Guy Fawkes Day

November 5th marks the anniversary of the Gunpowder Plot, a conspiracy to blow up the English Parliament and King James I in 1605. On that day, the king planned on opening Parliament.
The plot was intended to be the beginning of a great uprising of English Catholics, who were distressed by the increased severity of penal laws against the practice of their religion. The conspirators, who began plotting early in 1604, expanded their number to a point where secrecy was impossible.
They smuggled about 36 barrels of gunpowder, overlaid with iron bars and firewood, into a cellar under the House of Lords. The conspiracy was brought to light through a mysterious letter received by Lord Monteagle, on October 26, urging him not to attend Parliament on the opening day.

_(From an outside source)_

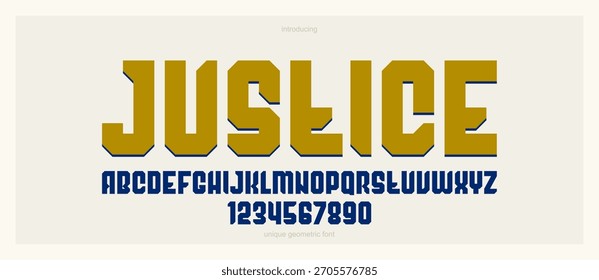 Bold and massive heavy geometric font for logo creation, modern geometrical vector display typeface, typography with no round elements, only corners and straight lines geometry.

The First Earl of Salisbury, and others to whom the plot was made known, took steps leading to the discovery of the materials and the arrest of Fawkes as he entered the cellar. Other conspirators, overtaken in flight or seized afterward, were killed outright, imprisoned, or executed.

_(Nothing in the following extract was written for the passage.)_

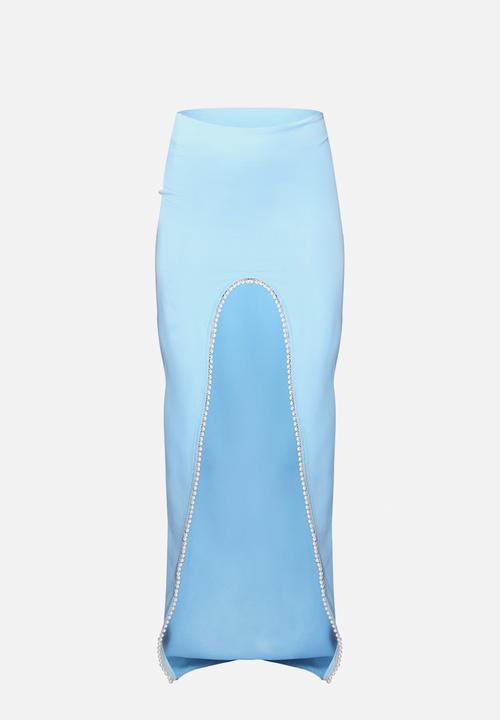 PrettyLittleThing - Pearl Thigh Trim Woven Maxi Skirt - Baby Blue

Among those executed was Father Henry Garnett, the superior of the English Jesuits, who was one of the leaders of the conspiracy. While the plot was the work of a relatively small number of men, it provoked hostility against all English Catholics and led to an increase in the harshness of laws against them. To this day, it is the law in Britain that a Roman Catholic can not hold the office of monarch. And the Queen (or King) is still Supreme Head of the Church of England.
Guy Fawkes Day, November 5, is still celebrated in England with fireworks and bonfires on which effigies of the conspirator are burned.